### Extracted data

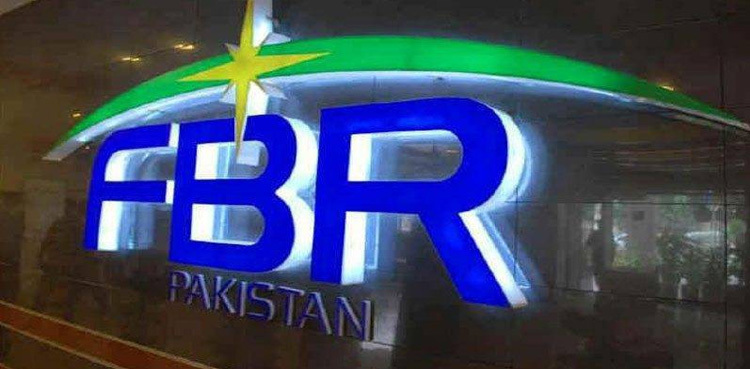 FBR clears air about filers and non-filers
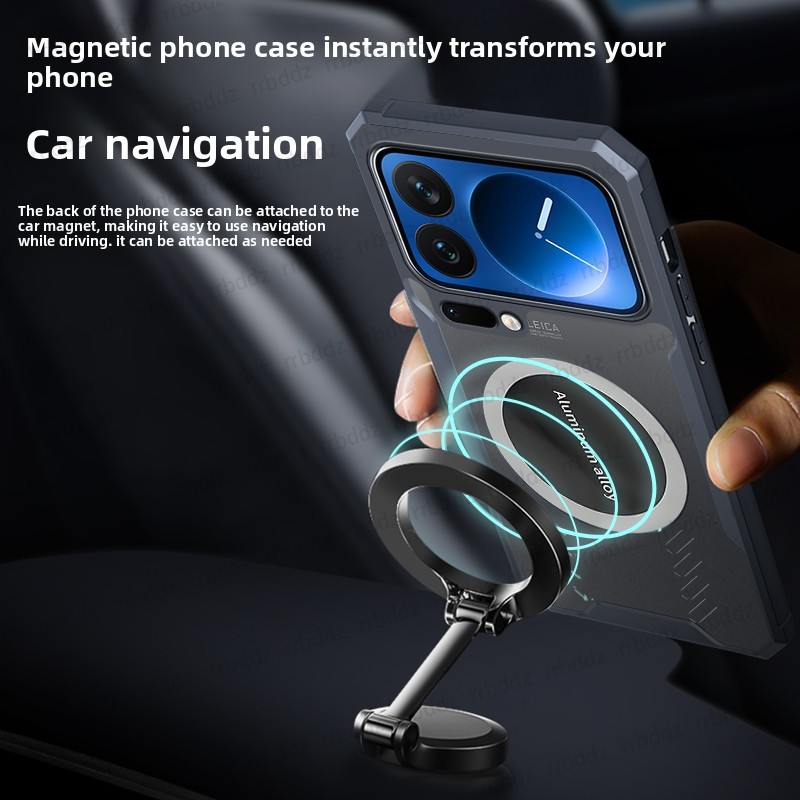 Pc Gaming Xiaomi - Casing untuk Xiaomi Mi 17 Pro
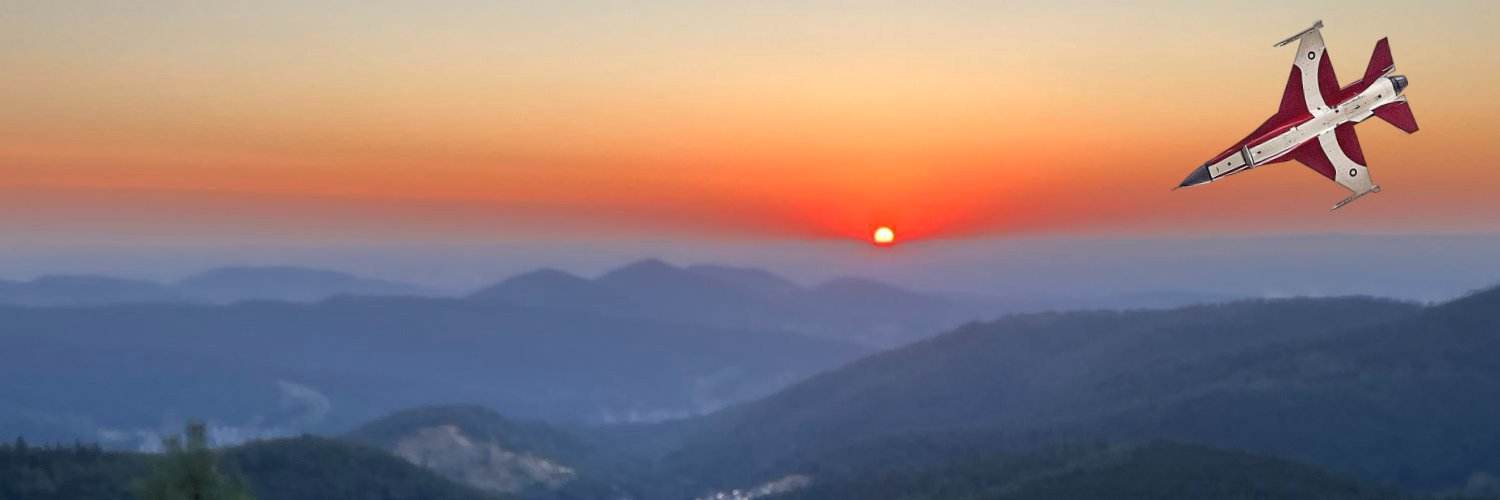 ï_Leclerc 🇩🇰 ✙ 🇺🇦 banner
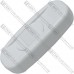 Перемикач шнуровий Daier KCD5-322, ON-OFF, 2A 250V/3A 125V, білий Перемикач шнуровий Daier KCD5-322, ON-OFF, 2A 250V/3A 125V, білий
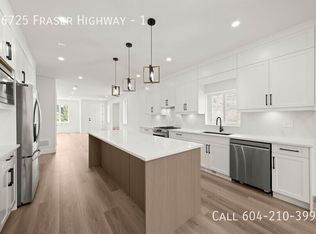 26725 Fraser Hwy #1, Langley, BC V4W3L1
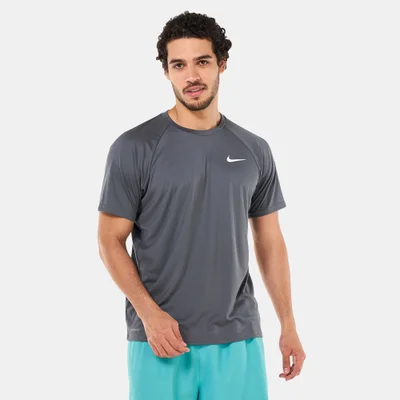 Nike Men's Hydroguard Swimming Top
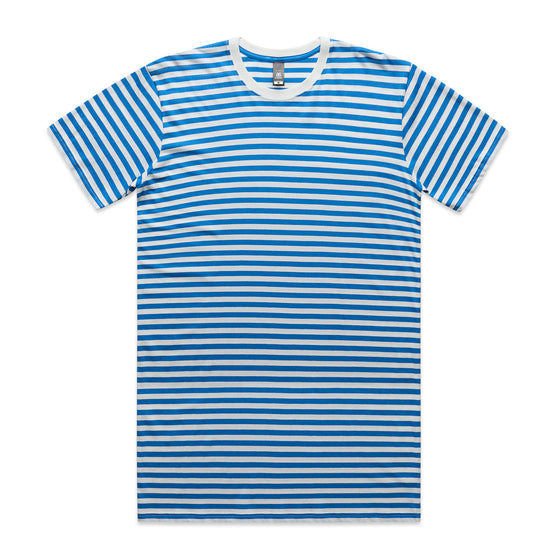 5028 STAPLE STRIPE TEE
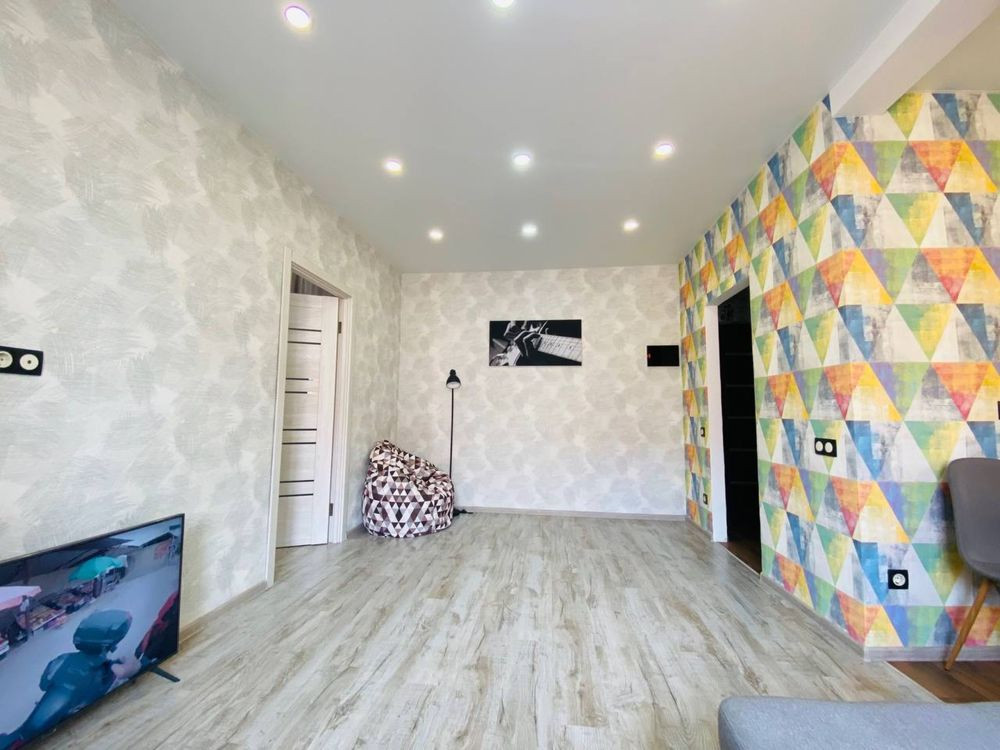 Аренда  2к ЖК Щасливий Дафи Епицентр Днепр - изображение 5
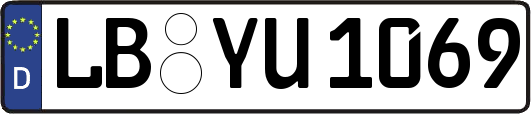 LB-YU1069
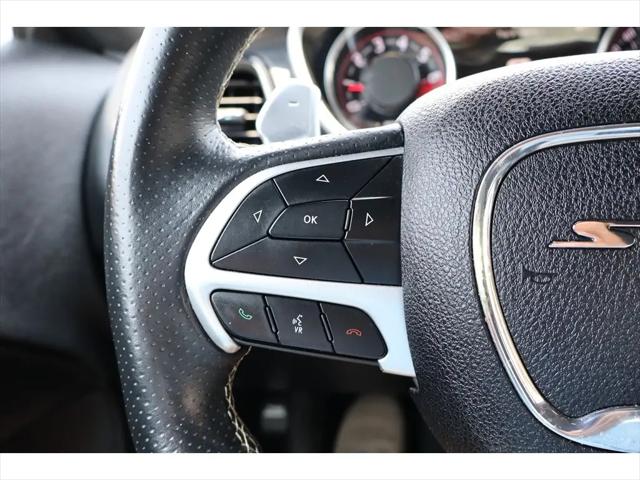 2016 Dodge Challenger SRT 392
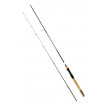 Спиннинг Daiwa NINJA X UL SPIN 1.80м 2-8G 11627-180RU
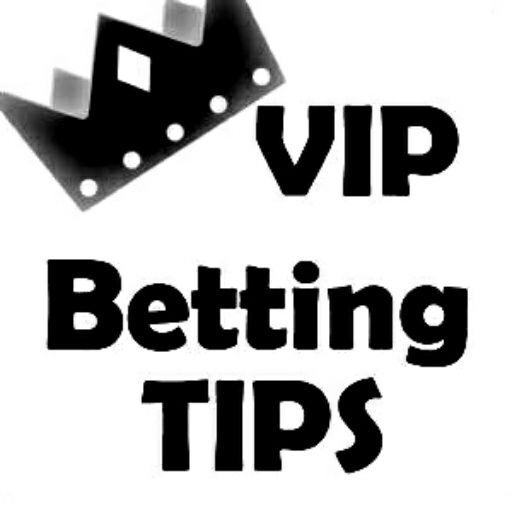 VIP BETTING TIPS 100% आइकन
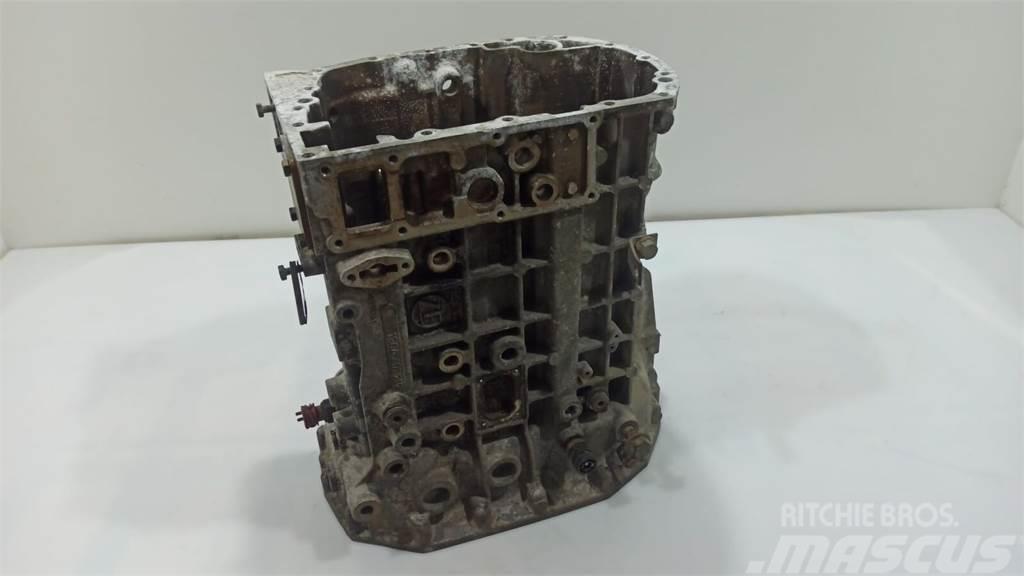 ZF spare part - transmission - gearbox housing Transmission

### The problem
When you reach the line that contains "- изображение 5", start reproducing, and continue word for word to the end of the records; skip all pictures.

### Result of this task
 Аренда  2к ЖК Щасливий Дафи Епицентр Днепр - изображение 5
 LB-YU1069
 2016 Dodge Challenger SRT 392
 Спиннинг Daiwa NINJA X UL SPIN 1.80м 2-8G 11627-180RU
 VIP BETTING TIPS 100% आइकन
 ZF spare part - transmission - gearbox housing Transmission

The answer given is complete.